China's regulators find themselves at a crossroads. While the government seeks to leverage the metaverse for tangible economic growth, it's also placing curbs on digital advancements. Which strategy will win out?
China has underscored that digitizing its economy is a central pillar of its national growth strategy. This vision involves melding metaverse technologies with its vast industrial and economic landscape. The Ministry of Industry and Information Technology (MIIT) even rolled out a three-year plan for building the Industrial Chinese Metaverse.
The Chinese government firmly believes that the Industrial Metaverse can bolster China's competitive stance in the global landscape. This has led to the development of the China Industrial Metaverse White Paper. By June 1, 2023, about 170 patents associated with VR technologies have been registered. These technologies aim to bridge the gap between the virtual realm and physical manufacturing processes by the end of 2024.
One illustrative example is the metaverse crafted by Nvidia. As a trailblazer in AI development, the company launched a digital duplicate of BMW's production chain. This enables BMW to experiment and refine car production within a virtual setting. Another remarkable collaboration is between Kweichow Moutai, China's premier spirits manufacturer, and the tech giant NetEase. Together, they introduced a themed metaverse vineyard and have even rolled out NFTs adorned with images of liquor bottles.
It's crucial to highlight that the envisioned VR models (with a projected count of nearly 100) aren't tied to the gaming elements traditionally associated with the metaverse. Their entire thrust centers on real-world applications. These virtual domains will be regulated to ensure compliance with standards upheld by the Communist Party of China.
In this scenario, there's no room for frivolities – no entertainment, sensuality, or even dancing!
The paramount objective is a relentless quest for global economic supremacy!

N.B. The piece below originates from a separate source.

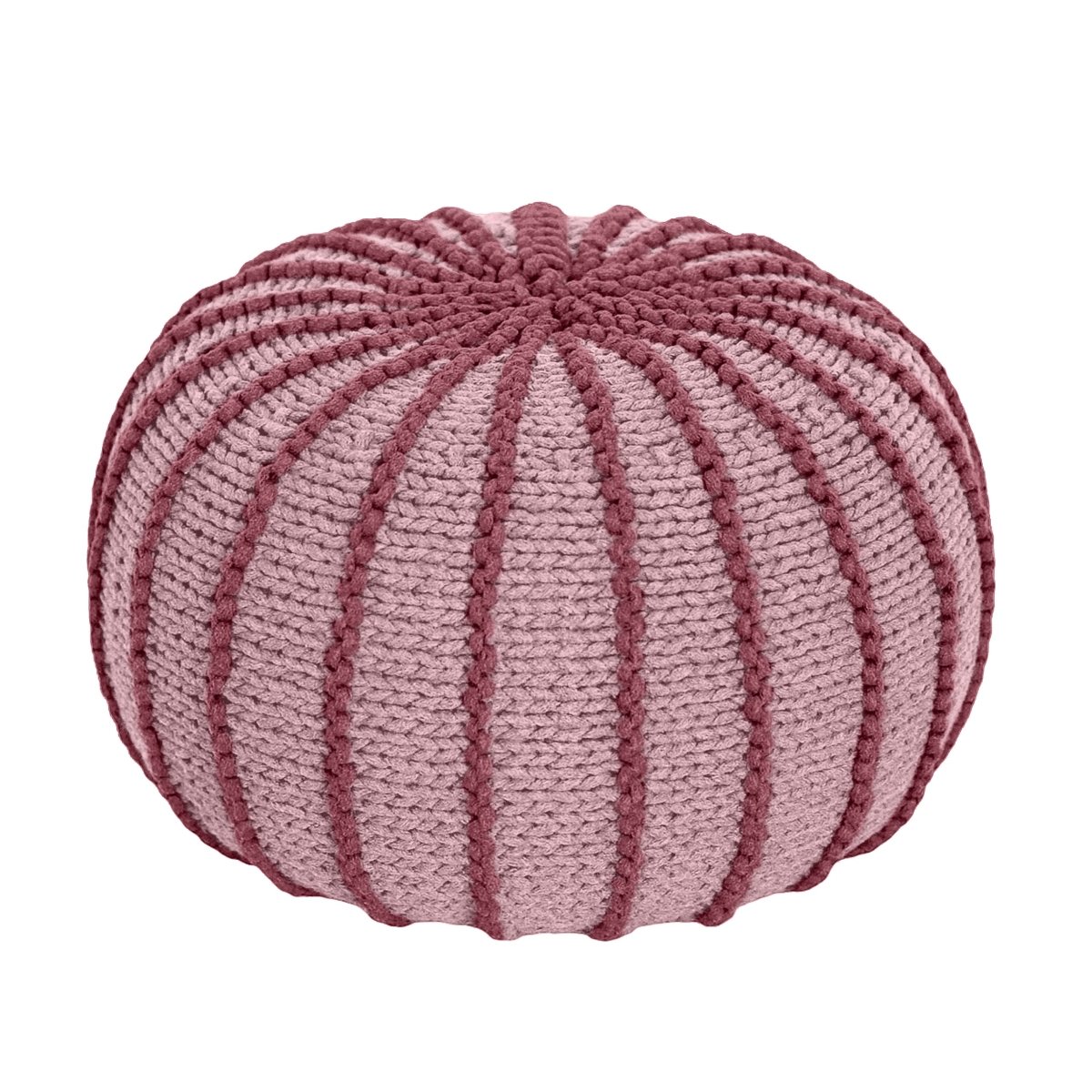 Knitted pouffe ZIGGY | POWDER PINK - Zuri House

Yet, the conceptualization of these ideologically aligned VR models faces headwinds, mainly due to regulators' reluctance to embrace digital assets. Top-performing virtual platforms, such as The Sandbox and Decentraland, lean on internal digital currencies for operational viability. The Chinese administration, however, deems any financial system that transacts in non-fiat currencies as potential hubs for speculative ventures and possibly illicit money flow. This stance implies that metaverses with their native tokens don't align with the principles of domestic regulatory bodies.

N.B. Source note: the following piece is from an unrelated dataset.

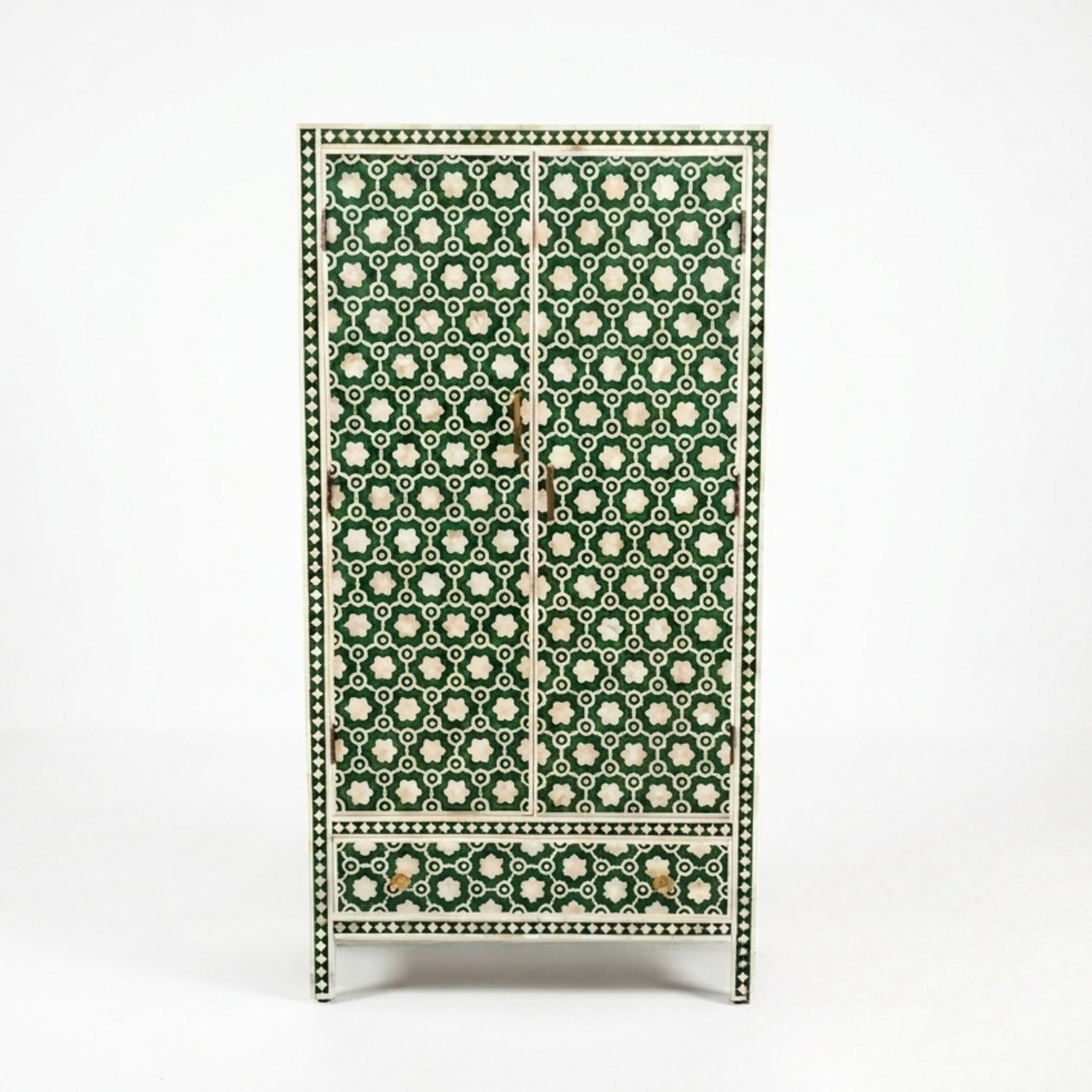 Handcrafted Bone Inlay Storage Wardrobe | Luxury Home Decor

State-owned companies in China are now avoiding widely-used blockchains like Ethereum and Solana, turning instead to approved networks devoid of cryptocurrencies. In these environments, access is controlled by a select few verified entities, allowing for stringent oversight by regulatory agencies. However, these platforms have a narrow focus, attract limited users, and fail to position China as a strong contender in the global tech rivalry.
Put simply, Beijing might have aspirations to be a digital powerhouse, but its influence seems limited to its own borders. As the rest of the world leans into increased globalization and freedom, China's focus appears to remain insular, a stance not in line with its broader digital dominance aspirations.

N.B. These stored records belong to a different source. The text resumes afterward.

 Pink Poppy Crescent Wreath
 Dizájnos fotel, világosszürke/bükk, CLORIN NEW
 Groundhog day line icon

Moreover, creating and maintaining these virtual platforms requires robust computer processors, largely manufactured by American companies in Taiwan. Given the U.S.'s dominance over global semiconductor distribution (including those originating from Taiwan), and the ongoing tensions between the U.S. and China, ensuring a consistent supply for Chinese developers becomes a complex challenge.
Some might say China is currently grappling with FOMO. Having missed prior opportunities in mobile communication, the internet, and artificial intelligence, the government now aims to outpace Europe, South Korea, and the U.S. in metaverse development. However, their forays into the metaverse strangely resemble knock-off Nike sneakers from AliExpress.